Limb defects in LBWC are seen in 96% cases and include club foot (32%), oligodactyly (12%), arthrogryposis/web (12%), absent limb (9%), single forearm bone (8%), single lower leg bone (6%), pseudosyndactyly (5%), split hand/foot (5%), radial/ulnar hypoplasia (4%), rotational defect (4%), and preaxial poly-dactyly (3%)(5).

Internal malformations in LBWC are seen in 95% cases and include cardiac anomalies (43%), absent diaphragm (74%), abnormal pulmonary lobulations (50%), gastrointestinal (100%), trilobulated liver (4%), polysplenia (4%), absent gall bladder (29%), renal (65%) and urogenital abnormalities (56%). Other malformations include amniotic bands (40%) and single umbilical artery(1-3,8). Cardiac malformations reported are primitive ventricle (53%), common atrium (46%), truncus arteriosus (23%), atrial septal defect (15%), membranous VSD (8%), hypoplastic right ventricle (8%) and ectopia cordis (8%). Gastrointestinal anomalies seen are nonrotated intestine (96%), intestinal atresia (22%), anal atresia (17%), shorted intestines (4%) and Ladd’s bands (4%). Renal abnormalities reported are unilateral absent kidney (30%), bilateral absent kidney (4%), hydronephrosis (17%), renal dysplasia (9%), and hypoplastic kidneys (4%). Urogenital abnormalities seen are abnormal external genitalia (32%), absent gonad (30%) and extrophy of bladder (4%) (2). Absent thymus and interstitial calcification in kidney, seen in our proposita, have not been described earlier.

In view of the dismal prognosis, early antenatal diagnosis is important allowing for earlier, and less traumatic termination of pregnancy(3). Prenatal diagnosis is possible by detection of very high maternal serum alpha-fetoproteins and by transvaginal ultrasound examination at the end of the first gestational trimester(1,6). Postnatally, the examination of placenta, umbilical cord and the membranes is crucial in confirming the diagnosis of LBWC(3,4).

Contributors: SM diagnosed the condition and drafted the manuscript; he will act as guarantor. NG performed autopsy and histology.
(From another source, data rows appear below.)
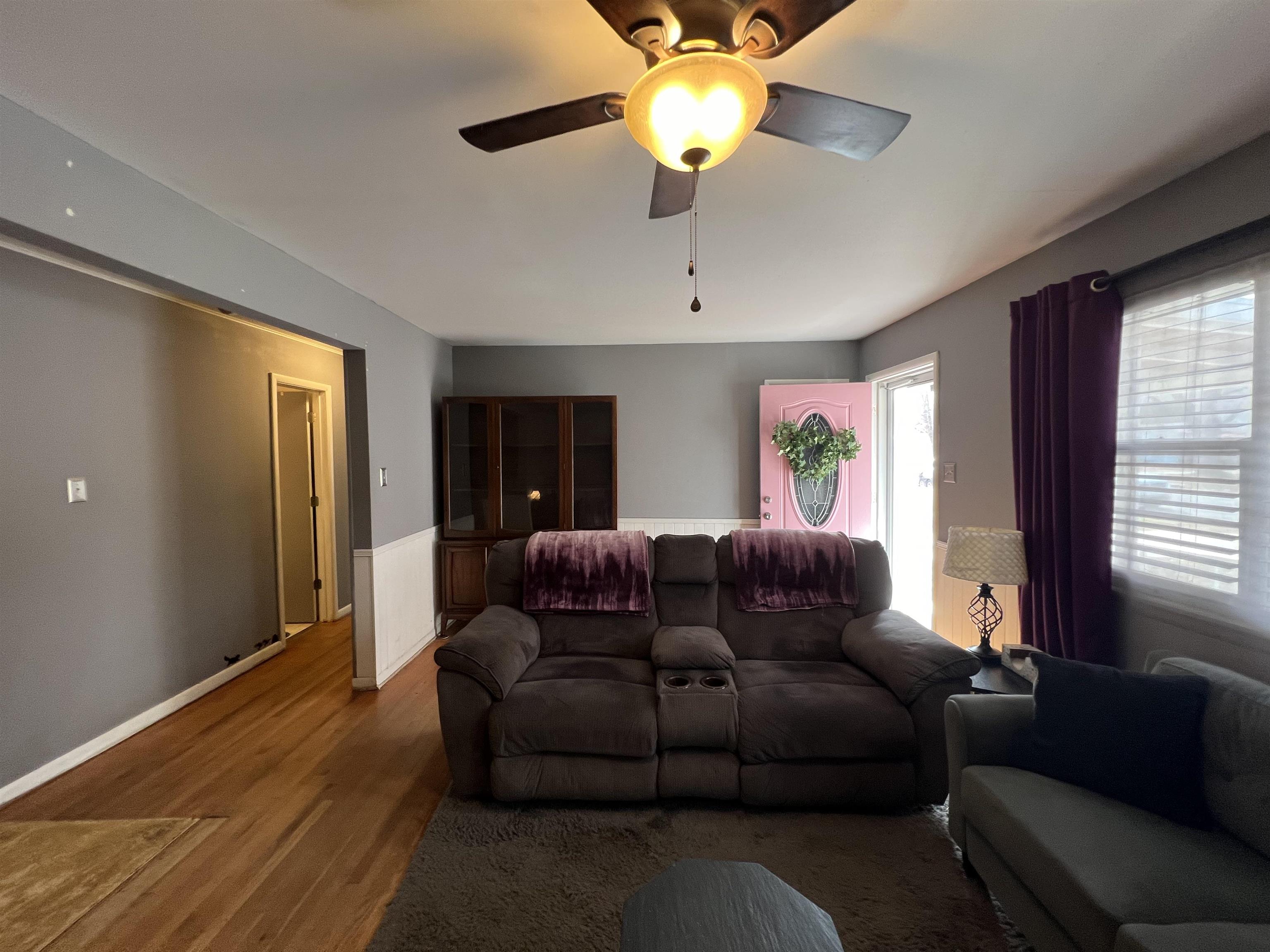 1616 N 6th
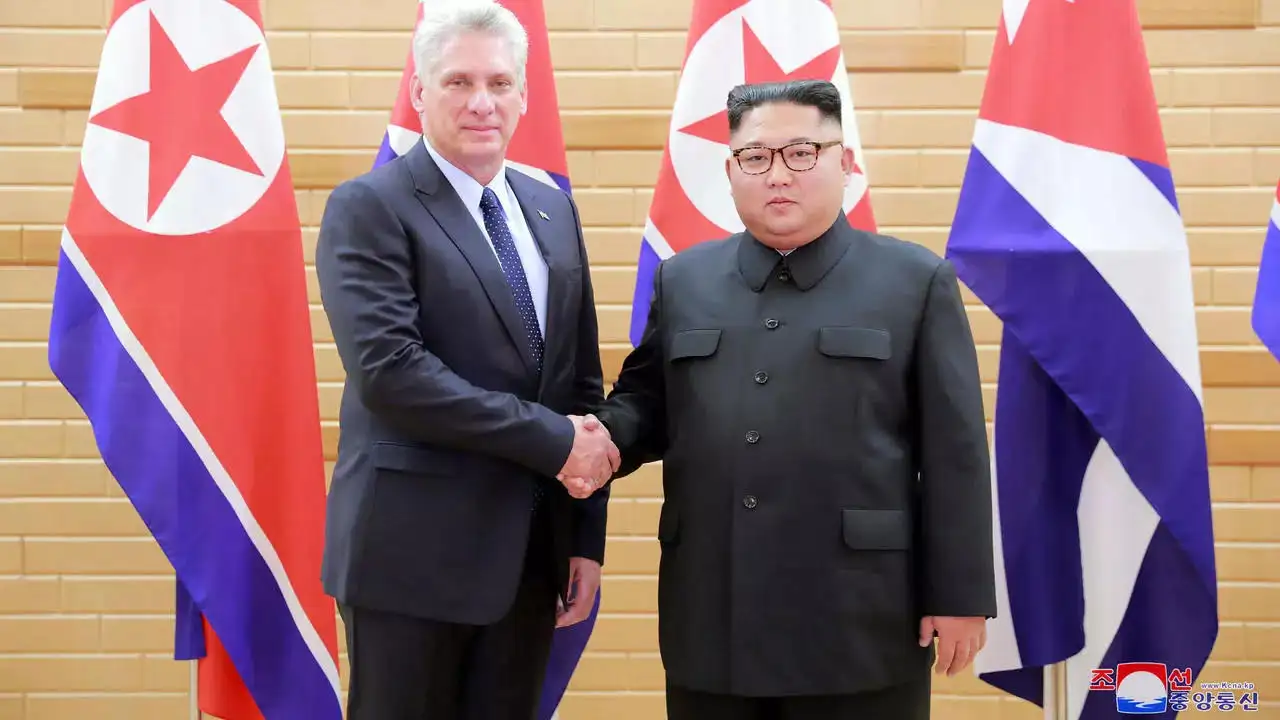 Miguel Díaz Canel de visita oficial en Corea del Norte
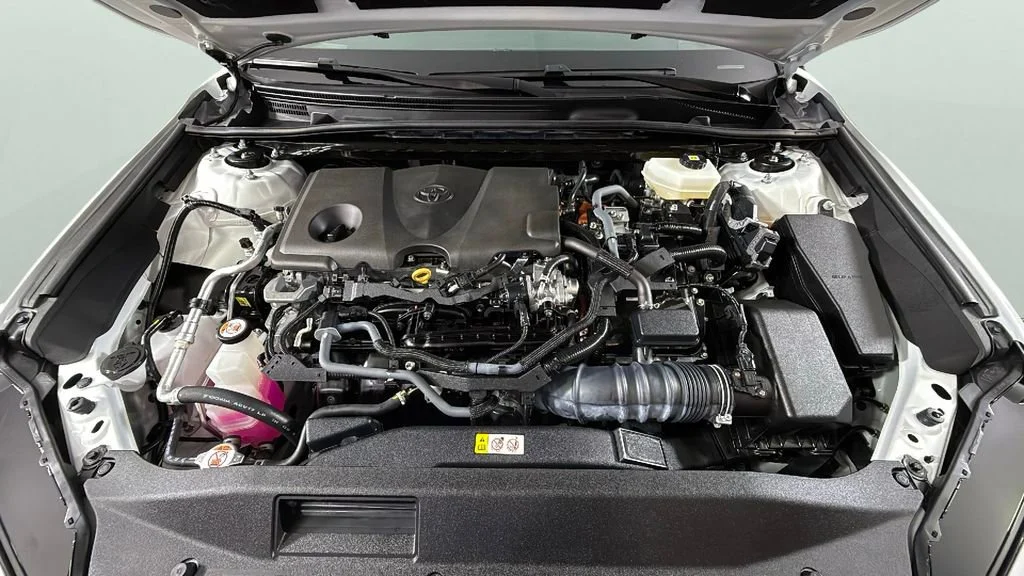 Used 2025 White Toyota SE image 36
PC and KYV co-drafted and critically evaluated the manuscript.

Funding: None.

Competing interest: None stated.

 

 References


 

1. Angtuaco TL. Fetal Anterior Abdominal Wall Defects. In: Callen PW (ed). Ultrasonography in Obstetrics and Gynecology. 4th edn. Philadelphia: Saunders 2000. pp. 507-512.

2. Van Allen MI, Curry C, Gallagher L. Limb body wall complex: 1. Pathogenesis. Am J Med Genet 1987; 28: 529-548.

3. Lockwood CJ, Sciocia AL, Hobbins JC. Congenital absence of the umbilical cord resulting from maldevelopment of embryonic folding. Am J Obstet Gynecol 1986; 155: 1049-1051.

4. Colpaert C, Bogers J, Hertveldt K, Loquet Dumon J, Willims P. Limb body wall complex: 4 new cases illustrating the importance of examining placenta and umbilical cord. Pathol Res Pract 2000; 196: 783-790.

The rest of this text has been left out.